BALTIMORE (CN) - Consumers were misled into buying cellphones from Cricket wireless when the company knew those services would be rendered useless once the its pending acquisition by AT&T became final, a class action claims.
In a lawsuit filed in Baltimore Federal Court, lead plaintiff Tim Bond claims that when AT&T announced its agreement to acquire Cricket on July 12, 2013, it already knew it was going to discontinue all of the smaller firm's services and require its customers to use AT&T cellular network.
Bond says Cricket had to have known this, but nevertheless failed to tell consumers that its handsets had an "artificially limited useful life" and would soon be rendered inoperable.
His lawsuit claims the January 2015 phase out announcement prompted angry responses on an AT&T online forum.

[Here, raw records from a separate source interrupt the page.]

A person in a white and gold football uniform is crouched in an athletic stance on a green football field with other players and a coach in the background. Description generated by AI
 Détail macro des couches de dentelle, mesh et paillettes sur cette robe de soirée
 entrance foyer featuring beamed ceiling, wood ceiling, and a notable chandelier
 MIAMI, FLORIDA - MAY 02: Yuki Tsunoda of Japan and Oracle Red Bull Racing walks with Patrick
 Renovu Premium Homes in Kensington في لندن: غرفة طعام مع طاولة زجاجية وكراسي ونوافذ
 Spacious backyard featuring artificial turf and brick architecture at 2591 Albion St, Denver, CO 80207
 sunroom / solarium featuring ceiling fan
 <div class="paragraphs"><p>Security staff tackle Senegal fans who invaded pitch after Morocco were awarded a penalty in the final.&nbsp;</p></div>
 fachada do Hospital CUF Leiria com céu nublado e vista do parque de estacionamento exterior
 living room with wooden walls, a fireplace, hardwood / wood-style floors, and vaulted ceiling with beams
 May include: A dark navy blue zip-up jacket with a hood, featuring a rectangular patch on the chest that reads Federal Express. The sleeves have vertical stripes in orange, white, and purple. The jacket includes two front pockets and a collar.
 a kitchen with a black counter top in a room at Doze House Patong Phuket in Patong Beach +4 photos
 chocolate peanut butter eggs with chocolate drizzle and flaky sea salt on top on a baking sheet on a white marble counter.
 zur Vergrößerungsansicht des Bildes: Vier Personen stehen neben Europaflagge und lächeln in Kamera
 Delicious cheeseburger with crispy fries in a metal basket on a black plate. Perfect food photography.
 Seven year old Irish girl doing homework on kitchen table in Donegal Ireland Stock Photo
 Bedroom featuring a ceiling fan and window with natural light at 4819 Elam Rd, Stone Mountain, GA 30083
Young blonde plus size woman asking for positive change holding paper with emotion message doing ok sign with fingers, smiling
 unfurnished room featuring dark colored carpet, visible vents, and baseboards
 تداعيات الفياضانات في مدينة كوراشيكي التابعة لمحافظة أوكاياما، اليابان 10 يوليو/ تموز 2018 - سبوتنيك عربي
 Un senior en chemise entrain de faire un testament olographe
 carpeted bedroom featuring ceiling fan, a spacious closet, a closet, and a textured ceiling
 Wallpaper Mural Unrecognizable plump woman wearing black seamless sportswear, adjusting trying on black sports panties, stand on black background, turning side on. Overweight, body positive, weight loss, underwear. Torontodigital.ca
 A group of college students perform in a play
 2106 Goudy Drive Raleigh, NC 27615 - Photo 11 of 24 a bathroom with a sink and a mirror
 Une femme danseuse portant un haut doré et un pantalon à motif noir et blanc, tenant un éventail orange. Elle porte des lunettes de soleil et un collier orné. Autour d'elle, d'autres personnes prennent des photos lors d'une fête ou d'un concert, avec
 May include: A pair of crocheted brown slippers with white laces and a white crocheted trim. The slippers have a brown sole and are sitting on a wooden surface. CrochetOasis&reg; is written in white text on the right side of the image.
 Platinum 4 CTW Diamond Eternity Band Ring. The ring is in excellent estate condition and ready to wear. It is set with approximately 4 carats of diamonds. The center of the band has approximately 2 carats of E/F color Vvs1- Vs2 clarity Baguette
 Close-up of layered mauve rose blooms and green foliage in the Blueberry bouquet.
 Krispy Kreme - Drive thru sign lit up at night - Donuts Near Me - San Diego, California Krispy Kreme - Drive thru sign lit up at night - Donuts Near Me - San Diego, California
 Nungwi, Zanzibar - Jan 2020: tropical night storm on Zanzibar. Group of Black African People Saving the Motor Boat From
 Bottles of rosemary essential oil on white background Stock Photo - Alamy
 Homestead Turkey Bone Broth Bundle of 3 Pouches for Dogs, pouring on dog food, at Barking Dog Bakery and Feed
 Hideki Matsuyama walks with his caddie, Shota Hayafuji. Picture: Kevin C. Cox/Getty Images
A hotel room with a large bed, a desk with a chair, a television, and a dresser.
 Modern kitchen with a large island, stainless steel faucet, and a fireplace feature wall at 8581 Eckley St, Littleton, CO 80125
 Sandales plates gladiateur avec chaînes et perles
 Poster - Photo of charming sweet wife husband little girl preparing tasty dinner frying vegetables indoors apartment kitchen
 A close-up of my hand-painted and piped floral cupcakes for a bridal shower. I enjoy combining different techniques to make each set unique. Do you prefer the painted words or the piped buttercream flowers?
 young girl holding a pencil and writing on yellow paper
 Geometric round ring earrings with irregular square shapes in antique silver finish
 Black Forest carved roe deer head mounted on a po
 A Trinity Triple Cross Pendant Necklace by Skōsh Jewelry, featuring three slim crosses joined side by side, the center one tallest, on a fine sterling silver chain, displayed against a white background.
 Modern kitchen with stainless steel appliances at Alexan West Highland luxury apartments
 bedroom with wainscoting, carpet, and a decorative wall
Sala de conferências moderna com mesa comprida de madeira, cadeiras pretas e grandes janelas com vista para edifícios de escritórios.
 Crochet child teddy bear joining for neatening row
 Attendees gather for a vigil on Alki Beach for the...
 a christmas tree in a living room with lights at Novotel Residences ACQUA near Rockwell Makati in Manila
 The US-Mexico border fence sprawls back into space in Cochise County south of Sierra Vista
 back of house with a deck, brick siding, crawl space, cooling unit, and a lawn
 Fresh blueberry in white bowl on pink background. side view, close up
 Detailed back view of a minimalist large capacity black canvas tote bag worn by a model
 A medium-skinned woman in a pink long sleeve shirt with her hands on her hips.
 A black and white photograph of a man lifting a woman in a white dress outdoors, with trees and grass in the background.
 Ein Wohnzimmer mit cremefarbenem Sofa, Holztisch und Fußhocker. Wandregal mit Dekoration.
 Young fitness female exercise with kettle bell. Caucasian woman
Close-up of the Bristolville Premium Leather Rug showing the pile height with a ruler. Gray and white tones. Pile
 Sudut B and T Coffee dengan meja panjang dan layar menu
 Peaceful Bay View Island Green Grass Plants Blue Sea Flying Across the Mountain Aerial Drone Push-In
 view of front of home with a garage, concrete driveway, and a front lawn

It quotes one Cricket customer wrote "AT&T is screwing over thousands of Cricket customers and they DON'T CARE ONE BIT!"
The complaint goes on to say that many customers who had purchased expensive smartphones less than a year ago are now seeing their phones turned off for good.
Along with Cricket customers in Maryland, customers in other major cities including Washington, D.C.; Little Rock, Fayetteville and Fort Smith, Arkansas; Wilmington, DE; Chicago; Atlantic City; Buffalo, NY and Philadelphia will see their service switched this month.
The suit does not cite how many customers bought phones after July 2013, but said the names and addresses of all class members can be identified in the business records maintained by AT&T.
Bond seeks actual and punitive damages and the free replacement of now defunct Cricket phones on behalf of himself and the class on claims of Breach of Implied Warranty, fraudulent concealment, unjust enrichment, negligent misrepresentation, fraud, and violations of the Maryland Consumer Protection Act.
He is represented by Cory Zajdel of Z Law LLC in Reisterstown, Md.